Fortsetzung folgt?

War ich der, der nie Fortsetzungen schreiben wollte?

Der, der Fortsetzungen als Wurmfortsätze unrunder Geschichten bezeichnet hat, war nicht ich, oder etwa doch?

Meine Fortsetzung „Ararat“ ist kein Wurmfortsatz, sondern eine Wiedersehensparty. Eine Begrüßungsorgie am Bahngleis, das Zugticket, das man sich auf Pump kauft, weil die Sehnsucht es länger nicht aushält. Meine Fortsetzung „Ararat“ ist das kolossale Staunen: Nicht zu fassen, was aus euch geworden ist!

Nur den, der das lesen soll, wollen wir natürlich nicht draußen stehen lassen, während wir hier drinnen übereinander herfallen und uns in Entzückensrufen („Hach, bist du aber groß geworden“) ergehen. Weshalb es leider allmählich nötig wird, über die leidige Frage: Kratzt das einen?, nachzudenken.

Ich hab mein Liebespaar verlassen, als sie auf halb gepackten Koffern auf dem Sprung saßen, echauffiert, blitzäugig, tapfer ein bisschen Angst verbeißend und sich fest an den Händen haltend. Junge Leute halt – wir zwei gegen Himmel und Hölle und bis ans Ende der Welt. Beide hübsch, beide von der Art, auf deren Wangen alte Tanten Lippenstiftflecken hinterlassen. Meine Augensterne, my two and only.

Jetzt sind sie seit sechs Jahren angekommen, verheiratet, schon in dem Alter, in dem Ehemänner Hüftspeck ansetzen, aber sie kann nicht kochen, er hat Anorexie, und außerdem altern sie beide wie Wein. Sie haben sich ein Haus gebaut, und nun kommt die alte Tante (ich) zum ersten Mal zu Besuch. Die will natürlich vom Keller bis zum Boden geführt werden, in jeden Schrank spähen, unter jedes Bett linsen, sehen, in welchen Ständer er seine nach dem Lesen gefaltete Zeitung steckt und ihr zuschauen, wenn sie die nächste Rolle Klopapier aufhängt.

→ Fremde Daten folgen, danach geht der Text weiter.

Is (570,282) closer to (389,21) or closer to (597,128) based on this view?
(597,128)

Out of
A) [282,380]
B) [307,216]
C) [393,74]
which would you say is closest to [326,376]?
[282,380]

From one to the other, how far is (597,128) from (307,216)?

Die alte Tante arbeitet nicht mehr und wird demnächst samt ihrer Familie Konkurs anmelden müssen. Die alte Tante dreht Kopfkissen um und befühlt Tagesdecken, flötet: „Ich komm‘ mit euch zur Kirche, Kinder“ und drängt sich hinterher noch zum Einkaufen auf, prüft den Kaffeevorrat und will unbedingt die Nachbarn und den Hausarzt kennenlernen. Die alte Tante ist selig. Mit sich und der Welt im Reinen, zum ersten Mal, seit die hier hockt und schreibt.

Schreibt?

Nee, oder?

Womit sich die Lieblingsverwandten Nase und Hintern pudern, schreibt man doch nicht in einen Roman, den man anderen Leuten als höchst mitreißend verkaufen will. Ich fürchte, ich werde der alten Tante mal erklären müssen, dass das außer ihr selbst kein Schweinlein schert, ob ihr glutäugiger Liebling sich die Zähne mit Meersalz putzt und seine zauberhafte Gemahlin ihr Stullenpaket im Museum liegen lässt. Das ist jetzt nicht echt, oder? Trautes Heim, Glück allein, und das Honigkuchenpferd, das vor Stolz darauf platzt, bin – ICH?

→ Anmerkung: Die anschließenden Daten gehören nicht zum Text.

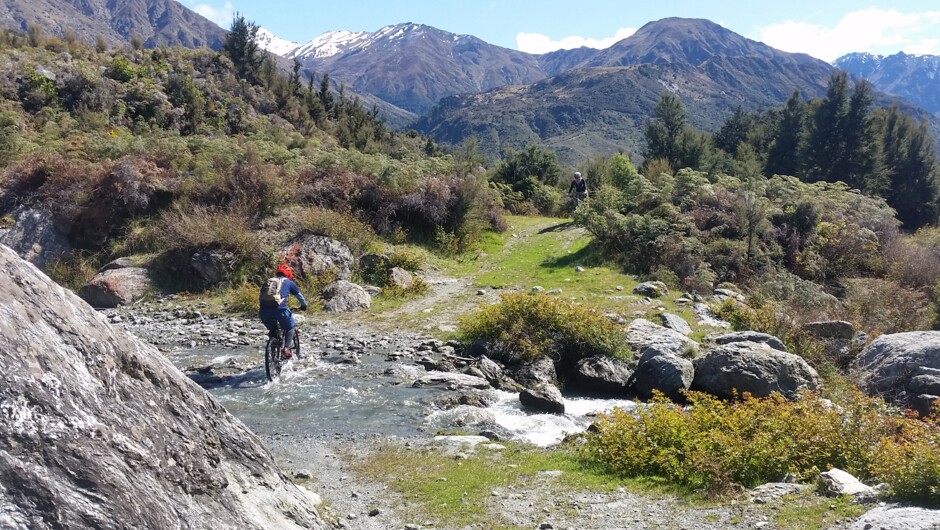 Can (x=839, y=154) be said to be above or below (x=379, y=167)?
above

Ich bin doch der mit den ganz düsteren, auf Sturm gebürsteten Geschichten voller angebrüteter Leute, die sich nie so verhalten wie der Hund von Onkel Rudis Schwiegermutter. Und jetzt will ich unbedingt aller Welt erzählen, wie zwei sich Opernkarten für Covent Garden bestellen – und die Oper fliegt dann nicht mal in die Luft? Was kommt als nächstes? Alte, ich fürchte, bevor die sich auch noch einen Dackel kaufen oder ihre Steuererklärung ausfüllen, während du tränenblind jauchzend daneben sitzt, müssen all diese hübschen marital-bliss-Szenen RAUS.

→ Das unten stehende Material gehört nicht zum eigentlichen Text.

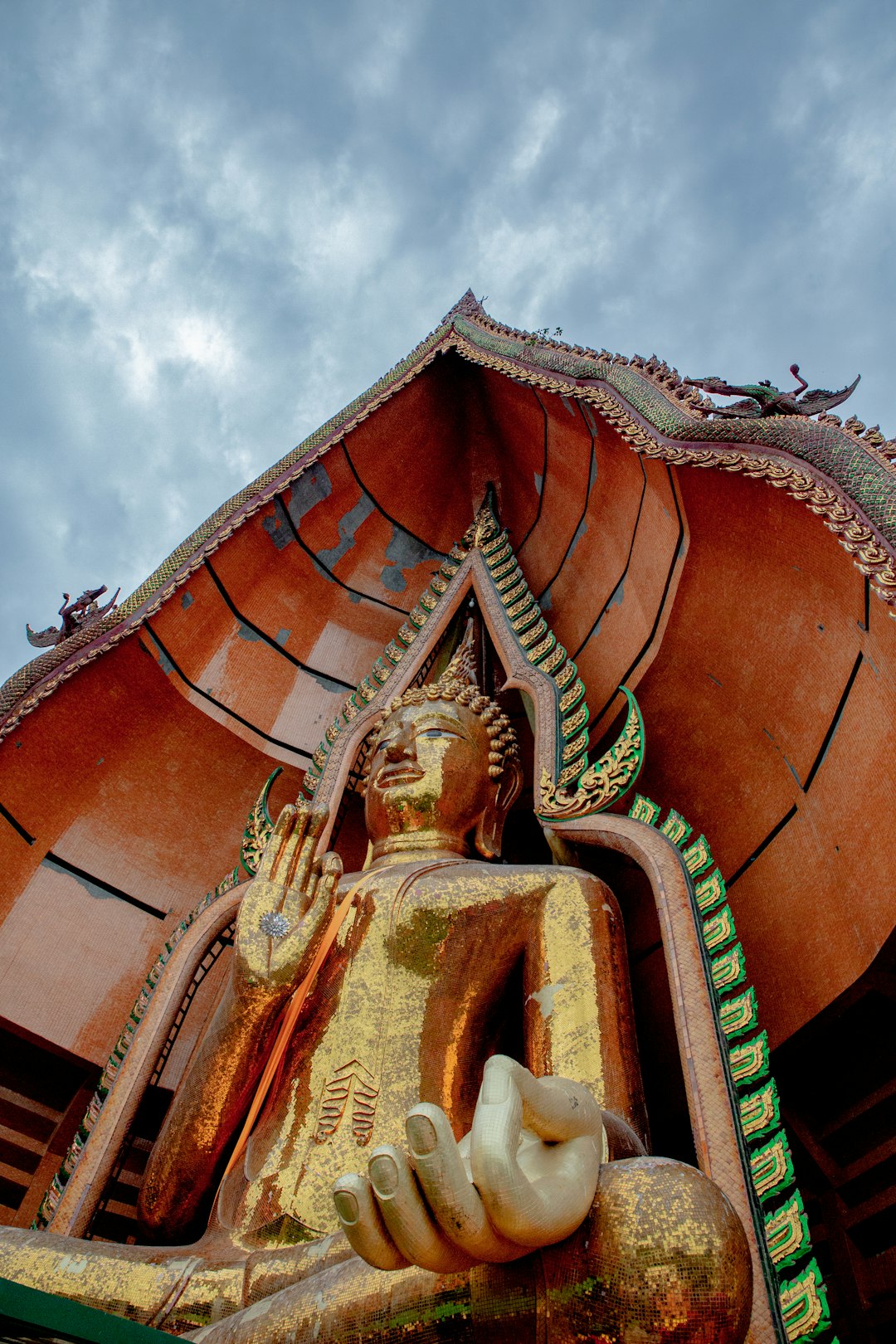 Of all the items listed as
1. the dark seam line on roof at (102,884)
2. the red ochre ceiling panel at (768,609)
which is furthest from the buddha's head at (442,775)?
the dark seam line on roof at (102,884)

Darin war ich immer gut. Ein Klick und ab ins Nirwana.

ABER JETZT?

Ich kann doch nicht meine süße Gewitterhexe, die gegen einen Fleischwolf kämpft, in den Daten-Mülleimer schmeißen und die Kragennadelsammlung ihres Liebsten hinterdrein?

Das geht absolut nicht. Man klaut schließlich seiner alten Tante auch nicht ihr mit Blümchen beklebtes Fotoalbum! Ein bisschen zittrig nehm‘ ich den Finger vom Löschknopf und begreife nach über dreißig Jahren Leben als Kritzler, warum Kollegen eine Datei für Outtakes haben.

Die hab ich dann jetzt wohl auch. Und wie nenn‘ ich die? „Ararat Outtakes“? „Ein Sonntag bei Familie A. Januar 1938/Dezember 2014“? Oder „Wurmfortsatz III Material“?

NEIN.

Kommt nicht in Frage. Hatti und Ararat sind mein Geschenk an mich selbst für sämtliche verbleibenden Weihnachten meines Lebens. Die zwei sind das pure Glück, bringen uns empfindlich nah an den Rand des Ruins, und irgendwann ist Schluss. Dann muss man den Hals auch mal vollbekommen und wieder arbeiten, statt Verwandte zu besuchen.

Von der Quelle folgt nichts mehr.